■ What you have to do:
Pictures should be left out when the listing below is repeated word for word.

■ The input:
☆ ☆ ☆ ☆

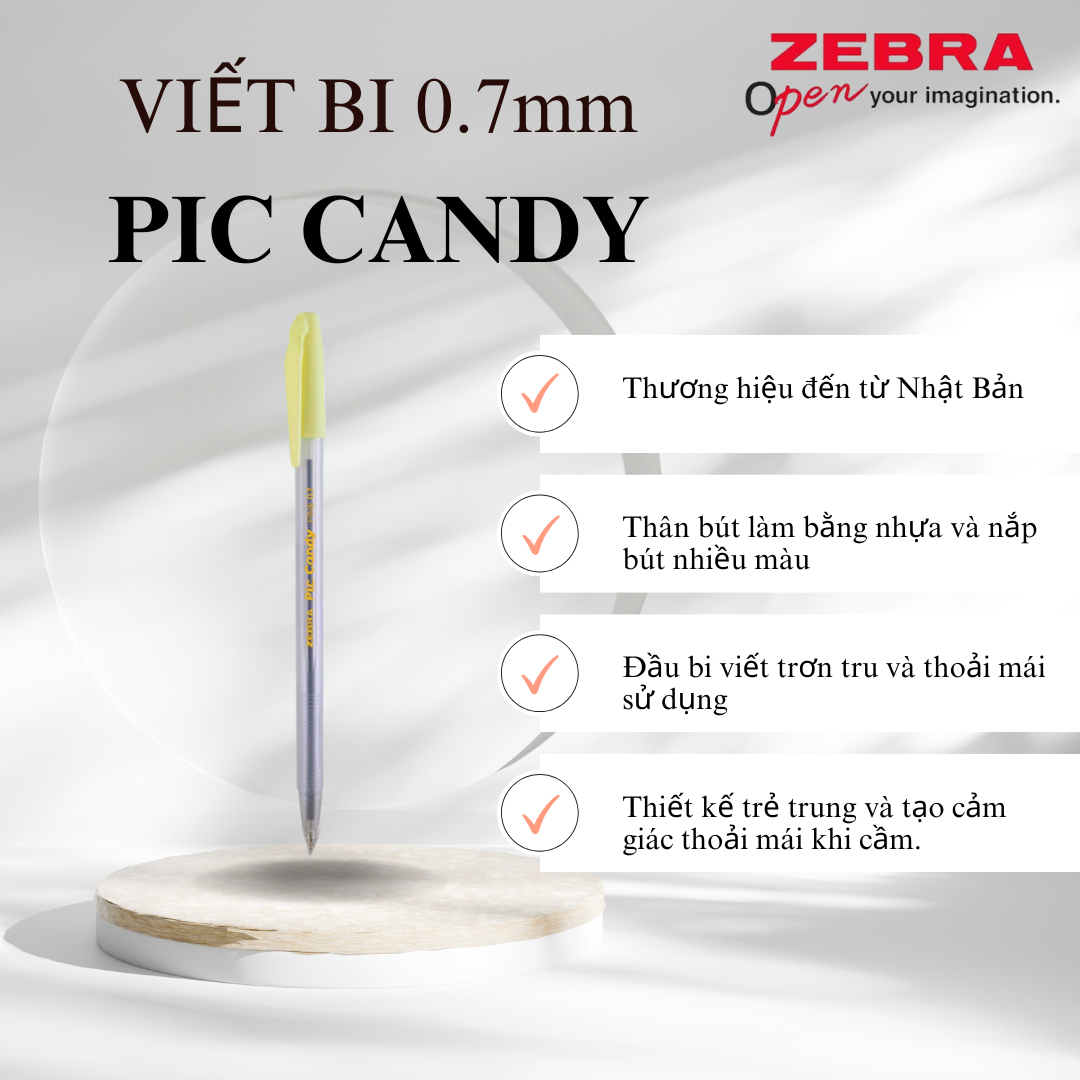Viết bi nắp Pic Candy 0.7mm mực xanh - Zebra [Chính hãng] - 1 cây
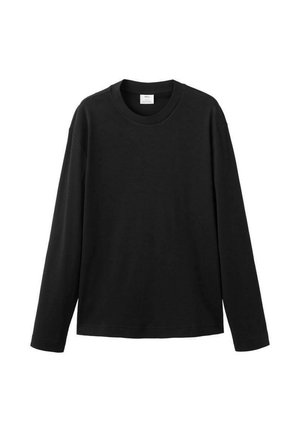 Černé dlouhé tričko s dlouhým rukávem z měkké bavlny. Má kulatý výstřih a volný střih bez viditelných log nebo vzorů.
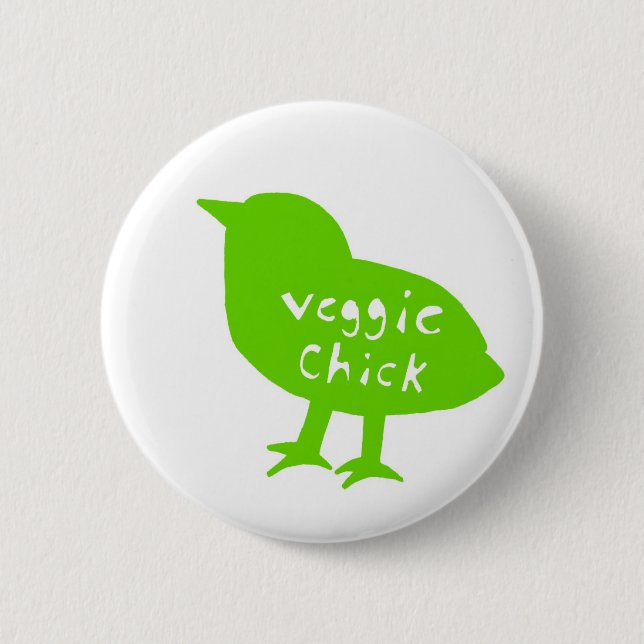Badge Rond 5 Cm Bouton végétarien de poussin (vert) (Devant)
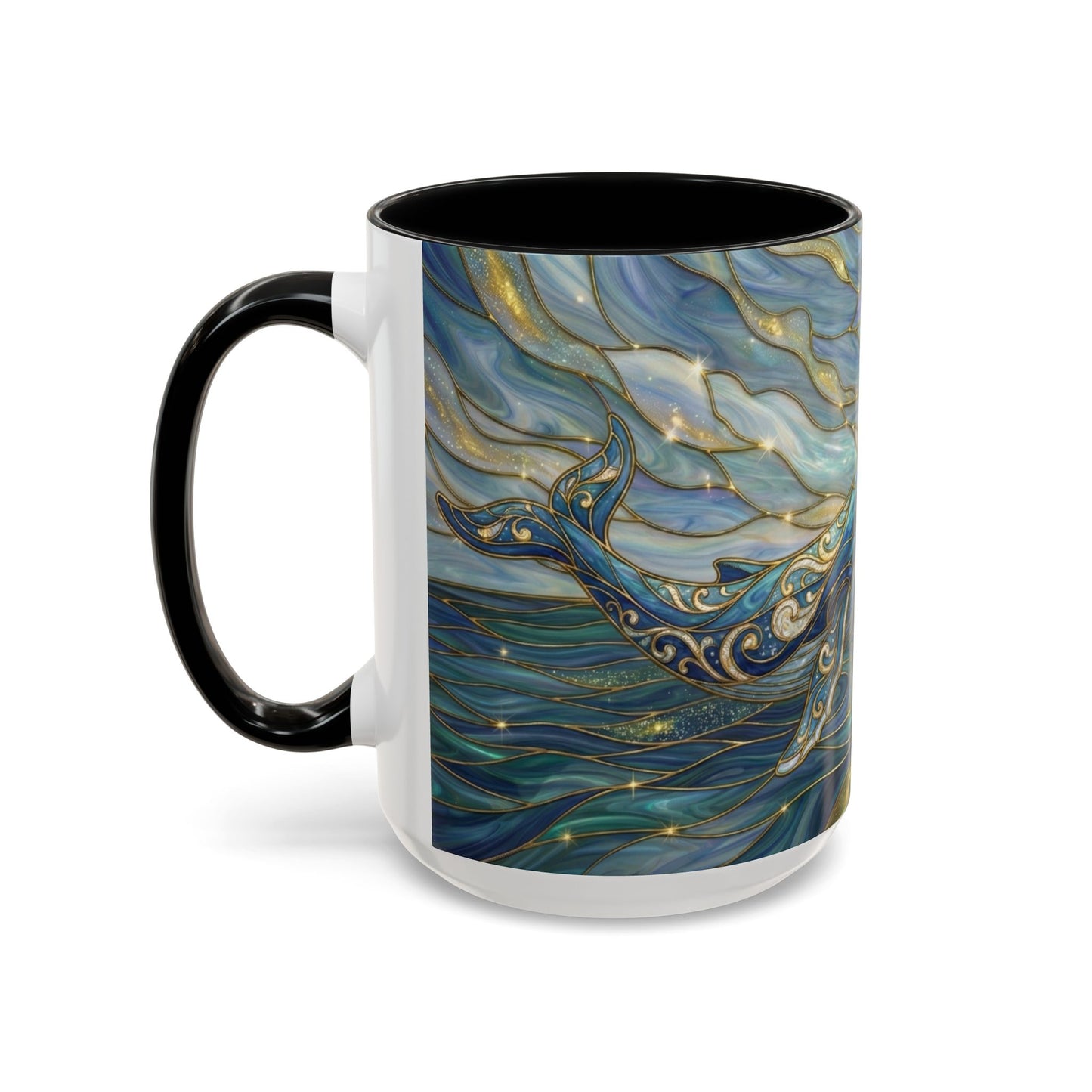 Whimsical Whale & Giraffe Accent Coffee Mug — Artistic Ocean-Sky Illustration (11/15oz)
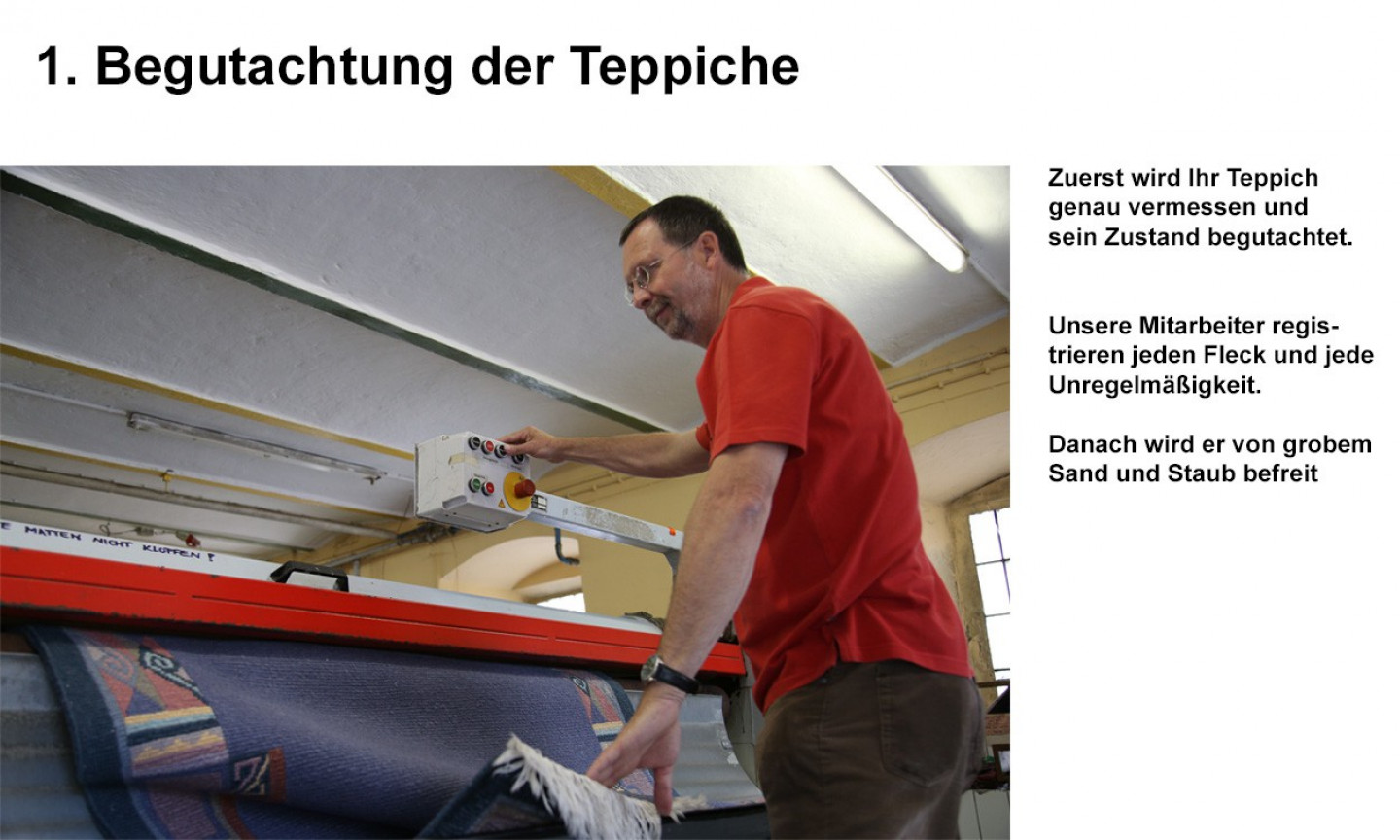 1. Begutachtung der Teppiche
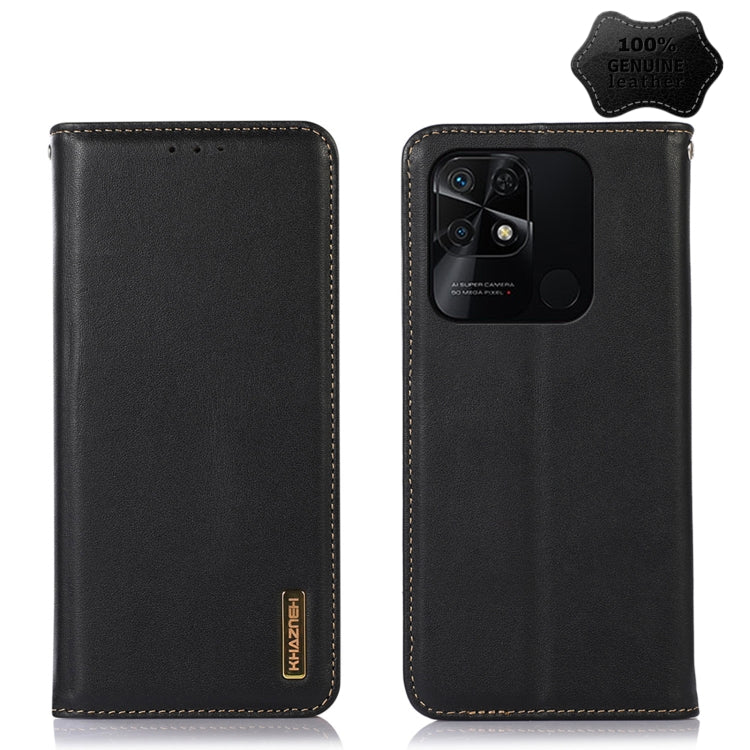 Black leather phone case with folio cover, camera cutout, and contrast tan edge stitching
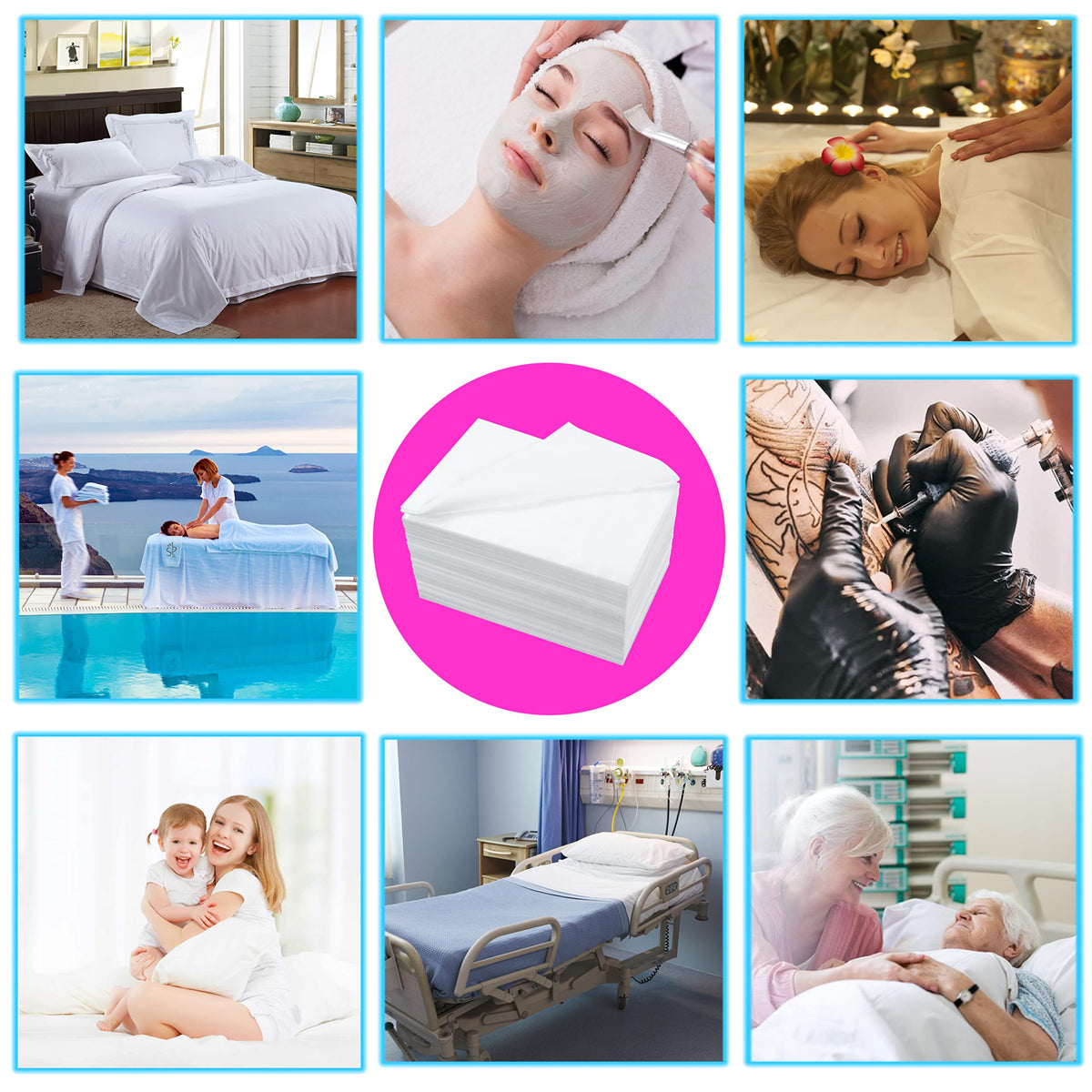 XATUMO sheet in salon setting enabling quick turnover and tidy treatment rooms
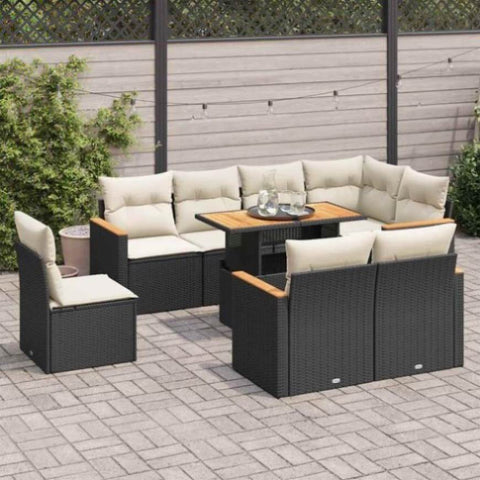 ZNTS 9 Piece Garden Sofa Set with Cushions Black Poly Rattan Acacia 3327500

☆ ☆ ☆ ☆

■ Answer to this task:
Viết bi nắp Pic Candy 0.7mm mực xanh - Zebra [Chính hãng] - 1 cây
 Černé dlouhé tričko s dlouhým rukávem z měkké bavlny. Má kulatý výstřih a volný střih bez viditelných log nebo vzorů.
Badge Rond 5 Cm Bouton végétarien de poussin (vert) (Devant)
 Whimsical Whale & Giraffe Accent Coffee Mug — Artistic Ocean-Sky Illustration (11/15oz)
 1. Begutachtung der Teppiche
 Black leather phone case with folio cover, camera cutout, and contrast tan edge stitching
 XATUMO sheet in salon setting enabling quick turnover and tidy treatment rooms
 ZNTS 9 Piece Garden Sofa Set with Cushions Black Poly Rattan Acacia 3327500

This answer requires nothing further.